Implementation of Support Vector Machines using Reaction Networks
Amey Choudhary, Jiaxin Jin, Abhishek Deshpande
TL;DR
This work demonstrates that a chemical reaction network (CRN) can implement a hard-margin support vector machine (SVM) by constructing modular reaction-building blocks for dual-rail encoding, arithmetic, comparison, and sequential execution. The feedforward and learning components are encoded as mass-action dynamics and simulated with ODEs, enabling loading, inference, and gradient-descent updates within a biochemical setting. Experimental results on a synthetic 2D dataset show that CRN-derived weights and bias converge close to those obtained by conventional SVM implementations, with small average errors and coherent hyperplane trajectories.
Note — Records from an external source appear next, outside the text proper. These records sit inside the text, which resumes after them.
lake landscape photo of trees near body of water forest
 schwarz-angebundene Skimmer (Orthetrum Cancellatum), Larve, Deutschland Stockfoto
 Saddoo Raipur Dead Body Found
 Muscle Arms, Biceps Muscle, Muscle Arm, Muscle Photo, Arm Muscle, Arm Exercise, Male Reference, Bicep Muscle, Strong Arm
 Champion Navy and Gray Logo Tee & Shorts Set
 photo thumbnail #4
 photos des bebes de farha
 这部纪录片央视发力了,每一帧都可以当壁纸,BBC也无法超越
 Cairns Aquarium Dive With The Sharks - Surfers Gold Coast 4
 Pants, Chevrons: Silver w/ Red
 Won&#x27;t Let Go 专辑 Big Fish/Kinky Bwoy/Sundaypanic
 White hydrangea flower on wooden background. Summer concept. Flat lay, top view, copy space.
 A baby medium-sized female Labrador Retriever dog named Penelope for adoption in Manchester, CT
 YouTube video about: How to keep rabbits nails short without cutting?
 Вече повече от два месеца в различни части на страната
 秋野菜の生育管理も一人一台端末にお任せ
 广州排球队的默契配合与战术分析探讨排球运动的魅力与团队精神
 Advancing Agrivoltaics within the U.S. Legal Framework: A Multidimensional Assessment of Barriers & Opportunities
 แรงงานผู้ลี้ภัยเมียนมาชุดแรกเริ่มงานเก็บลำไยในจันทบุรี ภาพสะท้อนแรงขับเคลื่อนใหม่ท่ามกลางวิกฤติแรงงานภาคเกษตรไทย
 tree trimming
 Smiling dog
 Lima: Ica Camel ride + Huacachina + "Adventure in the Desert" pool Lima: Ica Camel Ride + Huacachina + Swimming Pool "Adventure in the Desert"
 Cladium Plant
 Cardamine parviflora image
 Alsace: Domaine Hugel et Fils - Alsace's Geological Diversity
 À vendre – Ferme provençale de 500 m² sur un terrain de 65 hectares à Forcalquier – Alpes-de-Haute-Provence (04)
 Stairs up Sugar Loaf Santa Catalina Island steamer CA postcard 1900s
The proposed framework extends molecular computation toward practical machine-learning tasks and highlights avenues for scaling to soft-margin, kernel-based, and larger-scale learning in synthetic biology and chemical computing contexts.
Abstract
Can machine learning algorithms be implemented using chemical reaction networks? We demonstrate that this is possible in the case of support vector machines (SVMs). SVMs are powerful tools for data classification, leveraging VC theory to handle high-dimensional data and small datasets effectively. In this work, we propose a reaction network scheme for implementing SVMs, utilizing the steady-state behavior of reaction network dynamics to model key computational aspects of SVMs. This approach introduces a novel biochemical framework for implementing machine learning algorithms in non-traditional computational environments.